- Born: August 9, 1822 Walpole, Cheshire County, New Hampshire, United States
- Died: June 11, 1894 (aged 71) Vinita, Oklahoma Territory, United States
- Occupations: Politician, lawyer
- Title: United States Commissioner (Indian Territory)
- Term: 1890–1894
- Political party: Republican
- Spouse: Rachel L. Huckeby

= Charles Holland Mason =

American lawyer

Charles Holland Mason (August 9, 1822 – June 11, 1894) was a 19th-century American politician and lawyer. Mason served as United States Commissioner for the Indian Territory (now Oklahoma) from 1890 until his death.

==Early life and marriage==
Mason was born in Walpole, New Hampshire to Joseph and Harriet (Ormsby) Mason. Mason received a thorough classical education to fit him for practicing law. Mason attended the Hancock Literary and Scientific Institute. At age twenty-one, he emigrated West, locating first at Louisville, Kentucky where he was employed as tutor in a private family, studying law between school hours with Hamilton Smith. A year later, he was admitted to the bar at Louisville. He came to Perry County, Indiana during the 1840s.

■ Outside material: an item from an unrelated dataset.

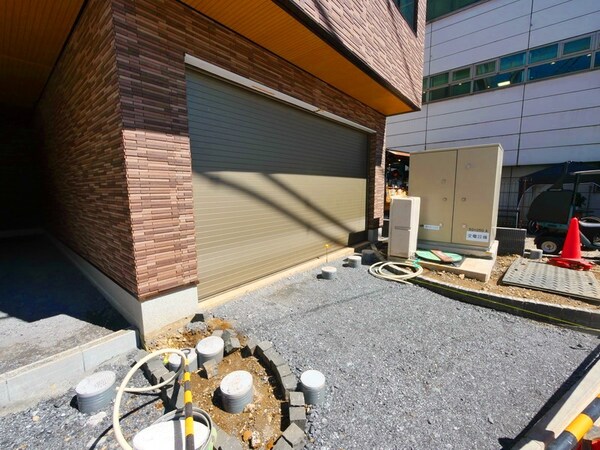 駐車場(★お部屋探しはタウンハウジング稲田堤店まで★)
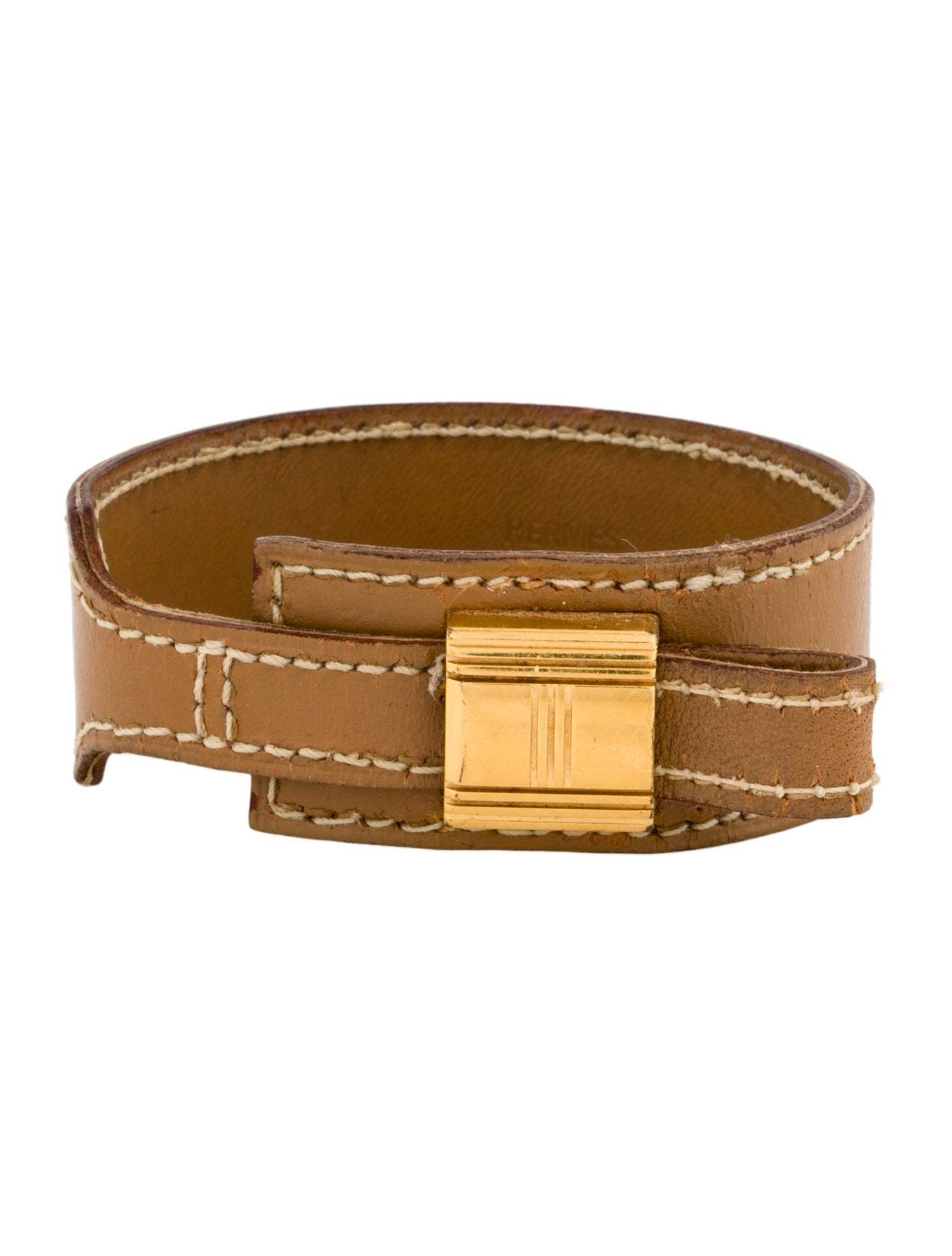 Hermès Artemis Wrap Bracelet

On March 20, 1852, in Cannelton, Indiana, Mason married Rachel Littell (Huckeby) Wright (1828–1883), the young widow of John G. Wright, the daughter of Joshua B. Huckeby and Rebecca Lang. The couple had no children.

==Political career==
In 1890, Mason was appointed by president Benjamin Harrison as United States Commissioner for the Indian Territory (before the organization of Oklahoma) with headquarters at Vinita, where he died in June 1894.